Nonetheless, this mindset must change. The math is clear: five public HBCUs each contributing $100 million can produce a $500 million investment base. That scale opens doors to private equity, hedge funds, and other vehicles that outperform the conservative allocations typically used by smaller institutional portfolios.

Institutions Poised for Leadership

  • North Carolina A&T State University, with an endowment of $201.9 million, remains the largest public HBCU endowment. With deep ties to tech and defense industries, it has both alumni momentum and industry leverage.
  • Florida A&M University, despite setbacks surrounding its pledged $237 million donation, has an official endowment of $124.1 million and stands to benefit immensely from partnership with institutions like Bethune-Cookman or Edward Waters.
  • Virginia State University and Norfolk State University, with $96.5 million and $88.2 million respectively, could combine to form the financial cornerstone of a Virginia HBCU Investment Company—managing nearly $185 million in assets at inception.

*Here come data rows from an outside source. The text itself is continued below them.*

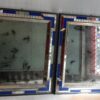 1970/80 Paire De Miroirs Venise Style Louis 14 Avec Ornements En Verre Bleu 112 X 95 cm – Image 27
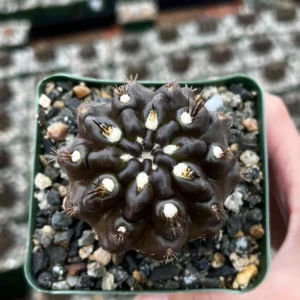 Black Cactus Neochilenia Huascensis Live Plant – Rare Cactus in 4 inch Pot - Image 2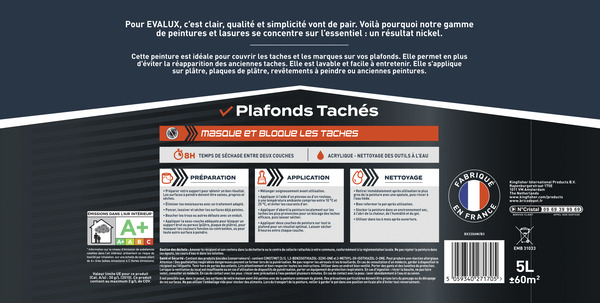 Peinture Blanche intérieure plafonds Mat 5 L - Evalux - Brico Dépôt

The Need for a “Black UTIMCO”

Rather than wait for state systems to share the wealth equitably, some in the HBCU policy space are advocating for the creation of a consortium endowment fund — a kind of “Black UTIMCO.” This collective endowment manager would pool assets from willing HBCUs, allowing them to negotiate better investment terms, lower fees, and generate alpha through scale.

Such an initiative would require governance innovation, donor transparency, and trust between institutions that are often underfunded and overburdened. But it may be the only viable path forward for public HBCUs to compete against mega-managers like UTIMCO, MITIMCo, or the Yale Investments Office.

A $5 billion consortium fund, even divided across 25 HBCUs, would be transformational. It could fund scholarships, capital improvements, faculty chairs, and technology upgrades, while giving HBCUs the financial leverage to attract major federal research grants.

A New Competitive Mindset

In American higher education, the metaphorical arms race is very real. Endowments are the stockpiles. Harvard and Yale are the gold standard in the private arena. UTIMCO is the titan in the public sector. And HBCUs, despite their contributions to Black excellence, continue to be locked out of the upper tier.

John Harbaugh’s quote about competition resonates because it points to a deeper truth: love of competition does not require parity at the outset, only the will to chase. Howard is in the final lap toward $1 billion, setting a new bar for Black institutional capital. Spelman may outdistance them on the next lap to $2 billion. But in the public sphere, the silence is deafening.

Where is the public HBCU that dares to dream of beating Michigan, surpassing UNC, or even challenging UTIMCO?

The Race Begins with Vision

Howard is chasing Harvard. Spelman is perhaps chasing Yale.

But no single public HBCU can chase UTIMCO. The scale is too vast, the machinery too entrenched, and the rules too uneven.

What public HBCUs can do, however, is combine. They can look across their borders, past their rivals, and toward a shared future. They can imagine a world where collective African American endowment power reshapes not just education, but the broader economy and policy landscape.

It is not a failure of ambition that no public HBCU has reached $1 billion. It is a failure of coordination and imagination.

The first African American UTIMCO will not be built by a single school. It will be built by a desire for compeition. A desire to win.